*** Block opens ***

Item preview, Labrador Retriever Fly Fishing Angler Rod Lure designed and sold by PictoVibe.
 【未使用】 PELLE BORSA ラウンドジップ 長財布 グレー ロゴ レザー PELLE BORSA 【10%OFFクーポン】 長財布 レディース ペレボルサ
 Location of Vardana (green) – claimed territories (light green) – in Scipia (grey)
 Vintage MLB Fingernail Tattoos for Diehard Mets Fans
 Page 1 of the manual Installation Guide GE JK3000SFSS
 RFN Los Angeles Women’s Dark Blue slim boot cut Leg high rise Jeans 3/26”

*** Block closes ***

What you should do>
Would you please copy every line of the data exactly?

Output for this task>
Item preview, Labrador Retriever Fly Fishing Angler Rod Lure designed and sold by PictoVibe.
 【未使用】 PELLE BORSA ラウンドジップ 長財布 グレー ロゴ レザー PELLE BORSA 【10%OFFクーポン】 長財布 レディース ペレボルサ
 Location of Vardana (green) – claimed territories (light green) – in Scipia (grey)
 Vintage MLB Fingernail Tattoos for Diehard Mets Fans
 Page 1 of the manual Installation Guide GE JK3000SFSS
 RFN Los Angeles Women’s Dark Blue slim boot cut Leg high rise Jeans 3/26”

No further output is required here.